======== AVAILABLE RECORDS ========

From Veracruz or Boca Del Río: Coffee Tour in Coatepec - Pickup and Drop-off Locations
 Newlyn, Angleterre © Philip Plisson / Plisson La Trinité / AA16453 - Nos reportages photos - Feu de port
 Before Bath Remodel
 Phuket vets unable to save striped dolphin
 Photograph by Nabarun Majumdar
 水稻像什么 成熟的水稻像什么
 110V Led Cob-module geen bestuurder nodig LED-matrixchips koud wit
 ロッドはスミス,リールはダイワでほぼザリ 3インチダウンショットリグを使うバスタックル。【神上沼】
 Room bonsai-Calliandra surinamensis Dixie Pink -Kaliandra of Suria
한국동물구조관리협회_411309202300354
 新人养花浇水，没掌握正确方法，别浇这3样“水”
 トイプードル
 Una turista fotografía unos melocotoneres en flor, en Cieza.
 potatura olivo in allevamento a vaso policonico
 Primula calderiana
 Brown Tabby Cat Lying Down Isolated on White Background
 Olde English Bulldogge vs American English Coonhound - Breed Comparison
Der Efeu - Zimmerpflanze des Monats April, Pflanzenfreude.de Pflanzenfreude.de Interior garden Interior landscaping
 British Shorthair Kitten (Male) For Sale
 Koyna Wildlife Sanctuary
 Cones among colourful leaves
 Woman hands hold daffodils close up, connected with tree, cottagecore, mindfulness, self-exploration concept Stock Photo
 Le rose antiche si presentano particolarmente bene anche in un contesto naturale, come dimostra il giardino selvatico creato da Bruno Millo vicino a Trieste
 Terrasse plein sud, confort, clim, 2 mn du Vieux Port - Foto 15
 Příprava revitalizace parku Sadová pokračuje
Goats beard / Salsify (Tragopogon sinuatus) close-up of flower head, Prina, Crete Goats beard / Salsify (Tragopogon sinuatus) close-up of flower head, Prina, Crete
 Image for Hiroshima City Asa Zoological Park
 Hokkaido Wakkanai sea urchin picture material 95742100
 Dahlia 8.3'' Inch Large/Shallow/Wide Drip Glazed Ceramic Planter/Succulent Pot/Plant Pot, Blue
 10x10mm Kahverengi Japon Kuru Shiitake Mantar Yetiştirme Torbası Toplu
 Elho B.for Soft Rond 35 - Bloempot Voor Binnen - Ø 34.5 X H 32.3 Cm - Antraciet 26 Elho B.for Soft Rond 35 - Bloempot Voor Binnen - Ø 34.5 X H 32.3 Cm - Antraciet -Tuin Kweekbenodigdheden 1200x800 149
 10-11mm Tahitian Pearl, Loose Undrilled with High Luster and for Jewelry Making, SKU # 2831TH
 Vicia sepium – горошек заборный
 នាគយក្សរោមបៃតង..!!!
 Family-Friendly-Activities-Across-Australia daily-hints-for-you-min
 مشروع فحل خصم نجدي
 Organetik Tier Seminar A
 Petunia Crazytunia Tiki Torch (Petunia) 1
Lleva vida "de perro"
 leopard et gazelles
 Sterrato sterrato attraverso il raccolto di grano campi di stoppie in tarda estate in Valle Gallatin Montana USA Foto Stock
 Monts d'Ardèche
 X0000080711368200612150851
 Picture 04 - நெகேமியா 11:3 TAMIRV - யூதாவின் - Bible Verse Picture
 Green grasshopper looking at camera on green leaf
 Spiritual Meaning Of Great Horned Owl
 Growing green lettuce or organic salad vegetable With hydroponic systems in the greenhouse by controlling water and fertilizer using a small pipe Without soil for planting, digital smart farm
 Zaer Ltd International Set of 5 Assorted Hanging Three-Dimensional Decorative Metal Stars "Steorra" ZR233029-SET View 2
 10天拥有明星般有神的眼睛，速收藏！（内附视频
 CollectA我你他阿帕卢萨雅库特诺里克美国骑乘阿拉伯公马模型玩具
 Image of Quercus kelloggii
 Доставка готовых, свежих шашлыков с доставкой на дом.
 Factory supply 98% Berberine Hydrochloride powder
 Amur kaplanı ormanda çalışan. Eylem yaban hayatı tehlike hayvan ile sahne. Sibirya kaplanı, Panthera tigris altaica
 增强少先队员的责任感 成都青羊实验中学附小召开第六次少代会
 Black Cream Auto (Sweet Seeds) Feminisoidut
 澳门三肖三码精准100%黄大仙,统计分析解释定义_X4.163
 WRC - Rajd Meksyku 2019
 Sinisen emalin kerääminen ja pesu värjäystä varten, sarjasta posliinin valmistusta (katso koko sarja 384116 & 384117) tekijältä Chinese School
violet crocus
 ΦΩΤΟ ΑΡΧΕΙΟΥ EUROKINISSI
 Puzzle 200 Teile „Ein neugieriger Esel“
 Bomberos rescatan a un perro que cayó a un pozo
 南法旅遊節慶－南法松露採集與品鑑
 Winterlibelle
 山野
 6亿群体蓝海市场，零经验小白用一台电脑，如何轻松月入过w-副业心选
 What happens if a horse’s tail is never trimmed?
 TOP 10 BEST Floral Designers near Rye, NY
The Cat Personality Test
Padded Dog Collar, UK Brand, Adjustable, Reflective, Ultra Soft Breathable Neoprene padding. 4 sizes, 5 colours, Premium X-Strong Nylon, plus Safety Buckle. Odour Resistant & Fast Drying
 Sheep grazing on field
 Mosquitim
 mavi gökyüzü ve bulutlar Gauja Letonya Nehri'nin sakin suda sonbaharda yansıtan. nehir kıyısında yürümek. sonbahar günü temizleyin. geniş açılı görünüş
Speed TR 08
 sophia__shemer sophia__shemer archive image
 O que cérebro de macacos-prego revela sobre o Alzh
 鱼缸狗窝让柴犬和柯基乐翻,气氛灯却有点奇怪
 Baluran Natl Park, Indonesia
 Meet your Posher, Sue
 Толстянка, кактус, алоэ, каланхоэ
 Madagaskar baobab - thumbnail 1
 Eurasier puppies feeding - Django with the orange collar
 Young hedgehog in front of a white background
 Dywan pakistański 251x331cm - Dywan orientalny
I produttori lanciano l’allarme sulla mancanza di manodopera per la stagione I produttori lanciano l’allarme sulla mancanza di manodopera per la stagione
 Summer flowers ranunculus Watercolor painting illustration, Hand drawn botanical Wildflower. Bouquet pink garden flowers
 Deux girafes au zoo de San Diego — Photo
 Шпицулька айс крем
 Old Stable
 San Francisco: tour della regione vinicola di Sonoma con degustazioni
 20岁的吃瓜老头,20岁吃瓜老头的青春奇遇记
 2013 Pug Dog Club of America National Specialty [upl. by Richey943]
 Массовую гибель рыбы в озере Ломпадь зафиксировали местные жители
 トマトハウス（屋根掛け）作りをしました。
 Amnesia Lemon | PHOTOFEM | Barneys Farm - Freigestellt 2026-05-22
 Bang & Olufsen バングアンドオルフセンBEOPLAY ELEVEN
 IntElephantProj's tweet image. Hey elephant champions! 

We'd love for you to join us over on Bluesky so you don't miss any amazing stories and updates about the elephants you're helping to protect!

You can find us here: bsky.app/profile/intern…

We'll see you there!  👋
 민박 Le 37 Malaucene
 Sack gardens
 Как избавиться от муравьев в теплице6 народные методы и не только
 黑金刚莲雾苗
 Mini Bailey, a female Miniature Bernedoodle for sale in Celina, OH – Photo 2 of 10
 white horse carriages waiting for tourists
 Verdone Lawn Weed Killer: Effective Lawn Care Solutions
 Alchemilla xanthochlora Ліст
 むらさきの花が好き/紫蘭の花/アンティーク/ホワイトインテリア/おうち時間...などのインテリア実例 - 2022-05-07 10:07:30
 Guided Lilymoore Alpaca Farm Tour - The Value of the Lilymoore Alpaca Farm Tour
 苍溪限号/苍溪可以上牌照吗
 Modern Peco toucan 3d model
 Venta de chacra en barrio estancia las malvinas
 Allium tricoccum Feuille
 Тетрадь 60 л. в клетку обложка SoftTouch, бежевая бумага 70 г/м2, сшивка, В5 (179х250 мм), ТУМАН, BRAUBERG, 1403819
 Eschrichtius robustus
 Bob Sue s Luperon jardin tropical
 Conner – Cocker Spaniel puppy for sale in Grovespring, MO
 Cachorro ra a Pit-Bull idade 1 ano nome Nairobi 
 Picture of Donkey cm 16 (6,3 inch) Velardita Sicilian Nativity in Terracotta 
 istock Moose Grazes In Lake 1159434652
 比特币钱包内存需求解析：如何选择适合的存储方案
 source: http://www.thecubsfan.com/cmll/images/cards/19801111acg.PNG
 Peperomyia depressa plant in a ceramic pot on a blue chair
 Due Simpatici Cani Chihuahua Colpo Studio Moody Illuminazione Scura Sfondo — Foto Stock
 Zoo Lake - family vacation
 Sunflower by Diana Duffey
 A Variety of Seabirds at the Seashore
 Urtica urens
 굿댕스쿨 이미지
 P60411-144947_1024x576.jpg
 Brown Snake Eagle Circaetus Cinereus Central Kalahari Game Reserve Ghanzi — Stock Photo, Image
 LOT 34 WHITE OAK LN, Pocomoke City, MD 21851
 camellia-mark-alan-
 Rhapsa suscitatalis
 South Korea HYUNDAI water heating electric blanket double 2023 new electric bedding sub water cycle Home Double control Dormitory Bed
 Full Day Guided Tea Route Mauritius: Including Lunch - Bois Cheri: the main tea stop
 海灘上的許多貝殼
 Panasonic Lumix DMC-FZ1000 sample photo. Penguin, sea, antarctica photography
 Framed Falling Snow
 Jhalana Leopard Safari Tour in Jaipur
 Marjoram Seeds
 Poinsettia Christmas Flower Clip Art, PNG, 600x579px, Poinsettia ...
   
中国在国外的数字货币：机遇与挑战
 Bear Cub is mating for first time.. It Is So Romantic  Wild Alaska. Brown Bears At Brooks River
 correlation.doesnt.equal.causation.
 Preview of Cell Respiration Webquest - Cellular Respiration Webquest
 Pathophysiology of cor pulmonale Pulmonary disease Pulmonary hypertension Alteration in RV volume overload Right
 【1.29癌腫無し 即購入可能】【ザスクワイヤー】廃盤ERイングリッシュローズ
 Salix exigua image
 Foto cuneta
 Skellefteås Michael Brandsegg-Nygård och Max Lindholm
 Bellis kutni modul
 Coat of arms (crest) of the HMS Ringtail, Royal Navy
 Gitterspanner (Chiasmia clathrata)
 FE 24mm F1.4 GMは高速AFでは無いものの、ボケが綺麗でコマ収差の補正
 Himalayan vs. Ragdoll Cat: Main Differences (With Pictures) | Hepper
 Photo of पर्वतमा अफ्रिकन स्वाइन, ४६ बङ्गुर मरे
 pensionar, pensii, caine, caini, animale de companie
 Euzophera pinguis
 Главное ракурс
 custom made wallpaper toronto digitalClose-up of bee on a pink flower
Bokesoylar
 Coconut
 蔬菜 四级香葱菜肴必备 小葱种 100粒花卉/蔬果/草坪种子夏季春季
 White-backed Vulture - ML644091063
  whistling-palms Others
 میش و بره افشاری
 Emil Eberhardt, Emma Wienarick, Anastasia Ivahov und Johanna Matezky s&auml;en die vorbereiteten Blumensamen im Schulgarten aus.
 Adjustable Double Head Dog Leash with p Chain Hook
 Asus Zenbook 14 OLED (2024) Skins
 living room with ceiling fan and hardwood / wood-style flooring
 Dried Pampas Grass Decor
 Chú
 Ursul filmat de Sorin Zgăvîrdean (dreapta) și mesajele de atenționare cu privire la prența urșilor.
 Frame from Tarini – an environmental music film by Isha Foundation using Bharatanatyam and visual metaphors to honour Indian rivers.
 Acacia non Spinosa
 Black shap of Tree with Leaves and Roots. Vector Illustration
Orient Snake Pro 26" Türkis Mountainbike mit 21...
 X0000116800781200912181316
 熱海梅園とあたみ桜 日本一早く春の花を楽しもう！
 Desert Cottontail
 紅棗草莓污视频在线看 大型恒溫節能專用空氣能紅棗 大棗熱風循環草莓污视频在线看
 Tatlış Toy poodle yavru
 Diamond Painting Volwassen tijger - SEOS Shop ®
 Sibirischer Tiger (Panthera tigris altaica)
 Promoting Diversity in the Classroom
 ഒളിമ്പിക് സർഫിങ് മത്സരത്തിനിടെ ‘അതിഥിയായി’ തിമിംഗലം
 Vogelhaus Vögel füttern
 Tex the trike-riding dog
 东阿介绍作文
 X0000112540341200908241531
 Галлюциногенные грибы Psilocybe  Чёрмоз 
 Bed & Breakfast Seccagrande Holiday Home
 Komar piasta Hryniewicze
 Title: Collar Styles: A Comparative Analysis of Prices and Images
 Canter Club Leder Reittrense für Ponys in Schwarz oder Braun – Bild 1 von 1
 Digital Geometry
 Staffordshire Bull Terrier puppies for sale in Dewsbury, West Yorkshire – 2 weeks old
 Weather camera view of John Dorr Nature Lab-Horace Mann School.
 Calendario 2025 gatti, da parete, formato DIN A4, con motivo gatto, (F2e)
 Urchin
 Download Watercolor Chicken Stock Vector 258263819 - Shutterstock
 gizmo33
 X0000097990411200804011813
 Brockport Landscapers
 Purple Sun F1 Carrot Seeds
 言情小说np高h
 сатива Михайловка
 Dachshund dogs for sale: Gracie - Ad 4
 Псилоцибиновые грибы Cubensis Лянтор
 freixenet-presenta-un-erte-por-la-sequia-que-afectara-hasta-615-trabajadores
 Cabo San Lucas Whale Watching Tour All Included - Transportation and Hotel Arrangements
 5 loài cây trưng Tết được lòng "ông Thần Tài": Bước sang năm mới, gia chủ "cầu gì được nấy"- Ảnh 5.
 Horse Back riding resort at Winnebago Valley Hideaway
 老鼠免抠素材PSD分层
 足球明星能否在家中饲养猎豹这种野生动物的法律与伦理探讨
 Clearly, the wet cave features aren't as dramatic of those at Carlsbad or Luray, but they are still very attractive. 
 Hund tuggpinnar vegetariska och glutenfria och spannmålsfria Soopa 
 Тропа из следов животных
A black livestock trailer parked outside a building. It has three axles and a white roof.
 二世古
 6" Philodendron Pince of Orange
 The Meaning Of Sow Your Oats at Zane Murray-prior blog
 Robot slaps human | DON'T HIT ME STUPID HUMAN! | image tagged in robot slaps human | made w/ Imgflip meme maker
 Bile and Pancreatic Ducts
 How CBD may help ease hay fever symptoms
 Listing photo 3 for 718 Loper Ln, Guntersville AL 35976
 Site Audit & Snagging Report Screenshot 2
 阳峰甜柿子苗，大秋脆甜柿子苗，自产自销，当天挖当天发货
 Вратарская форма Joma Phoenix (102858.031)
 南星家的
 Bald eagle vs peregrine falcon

========

**WHAT YOU NEED TO DO**
Could you output exactly the lines from the one containing "Тропа из следов животных" to the end of the entries above, both included, and no others?

**ANSWER TO THIS EXERCISE**
 Тропа из следов животных
A black livestock trailer parked outside a building. It has three axles and a white roof.
 二世古
 6" Philodendron Pince of Orange
 The Meaning Of Sow Your Oats at Zane Murray-prior blog
 Robot slaps human | DON'T HIT ME STUPID HUMAN! | image tagged in robot slaps human | made w/ Imgflip meme maker
 Bile and Pancreatic Ducts
 How CBD may help ease hay fever symptoms
 Listing photo 3 for 718 Loper Ln, Guntersville AL 35976
 Site Audit & Snagging Report Screenshot 2
 阳峰甜柿子苗，大秋脆甜柿子苗，自产自销，当天挖当天发货
 Вратарская форма Joma Phoenix (102858.031)
 南星家的
 Bald eagle vs peregrine falcon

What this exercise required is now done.